▶ PROVIDED MATERIAL:
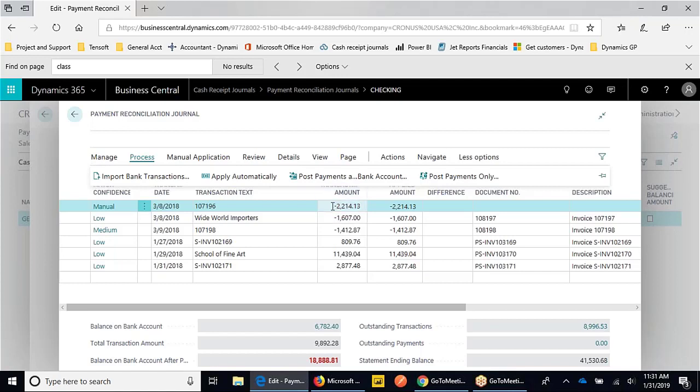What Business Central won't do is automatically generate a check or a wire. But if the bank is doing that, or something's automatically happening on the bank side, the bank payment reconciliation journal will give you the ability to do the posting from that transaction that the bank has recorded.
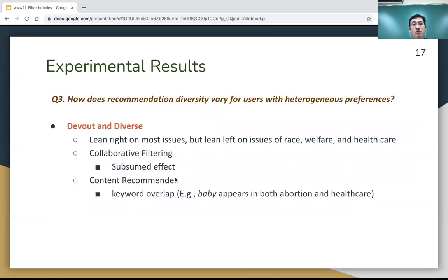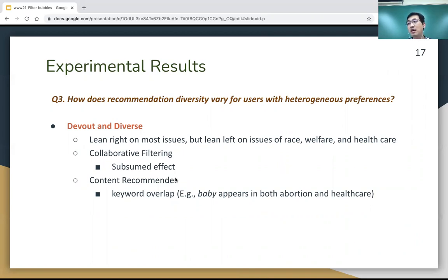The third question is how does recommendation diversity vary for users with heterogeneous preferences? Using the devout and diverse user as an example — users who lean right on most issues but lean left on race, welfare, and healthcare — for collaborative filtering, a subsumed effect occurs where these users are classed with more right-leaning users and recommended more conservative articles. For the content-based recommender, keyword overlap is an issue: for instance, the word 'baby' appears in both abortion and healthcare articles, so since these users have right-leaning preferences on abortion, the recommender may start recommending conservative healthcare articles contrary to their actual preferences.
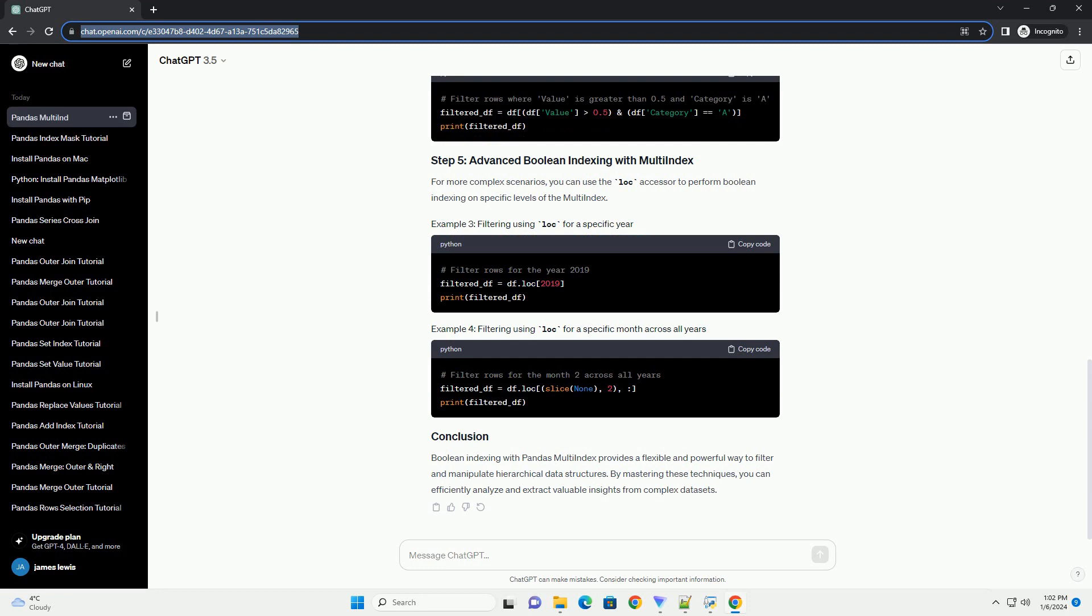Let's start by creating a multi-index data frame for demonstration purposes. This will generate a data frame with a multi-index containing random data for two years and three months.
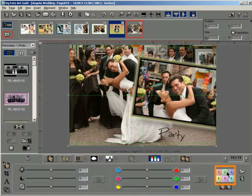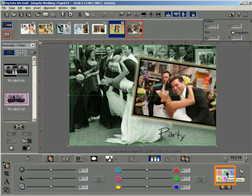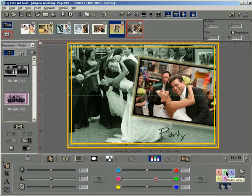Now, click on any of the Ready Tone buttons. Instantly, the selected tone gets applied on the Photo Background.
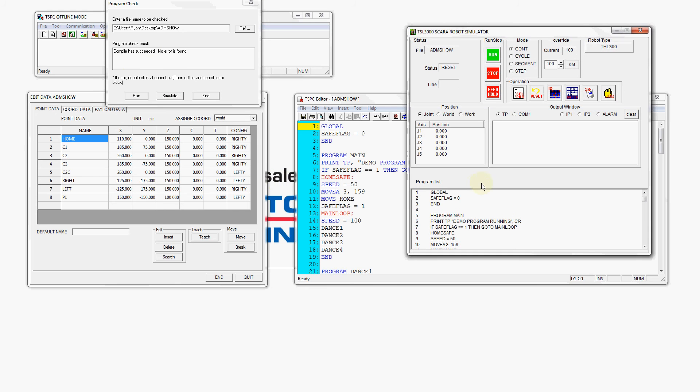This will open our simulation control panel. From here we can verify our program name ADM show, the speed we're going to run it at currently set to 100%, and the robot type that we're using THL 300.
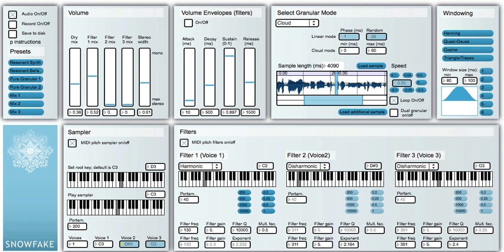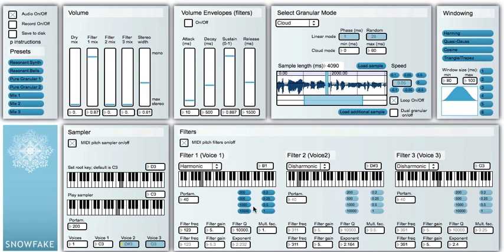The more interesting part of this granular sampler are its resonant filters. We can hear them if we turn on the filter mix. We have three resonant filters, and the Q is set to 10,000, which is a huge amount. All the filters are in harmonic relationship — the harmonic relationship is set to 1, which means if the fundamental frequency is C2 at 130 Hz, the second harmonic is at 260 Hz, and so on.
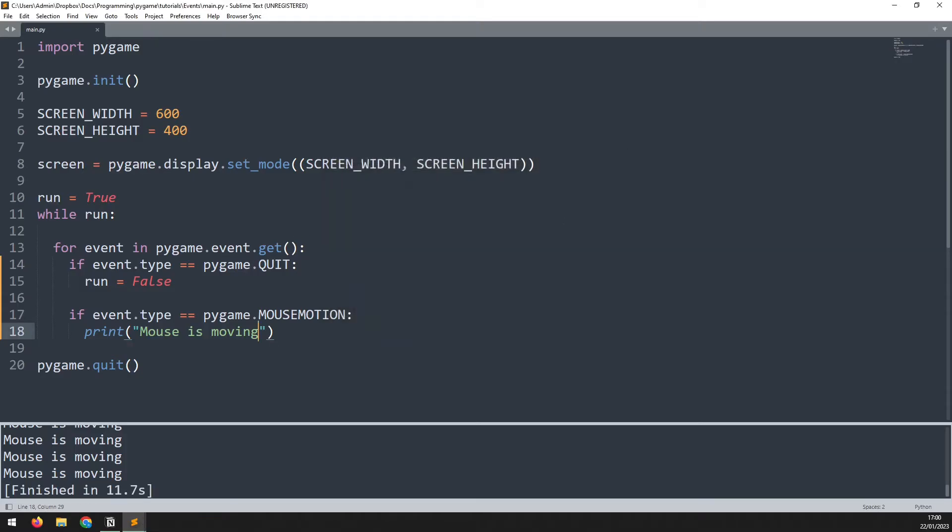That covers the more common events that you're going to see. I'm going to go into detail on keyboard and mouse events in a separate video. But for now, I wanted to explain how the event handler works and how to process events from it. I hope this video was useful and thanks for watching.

▶ YOUR INSTRUCTIONS: Print once more, exactly, the lines that start at the top of the records above and end at the line with "The third question", skipping all pictures.

▶ RESULT OF THIS TASK:
What Business Central won't do is automatically generate a check or a wire. But if the bank is doing that, or something's automatically happening on the bank side, the bank payment reconciliation journal will give you the ability to do the posting from that transaction that the bank has recorded.
The third question is how does recommendation diversity vary for users with heterogeneous preferences? Using the devout and diverse user as an example — users who lean right on most issues but lean left on race, welfare, and healthcare — for collaborative filtering, a subsumed effect occurs where these users are classed with more right-leaning users and recommended more conservative articles. For the content-based recommender, keyword overlap is an issue: for instance, the word 'baby' appears in both abortion and healthcare articles, so since these users have right-leaning preferences on abortion, the recommender may start recommending conservative healthcare articles contrary to their actual preferences.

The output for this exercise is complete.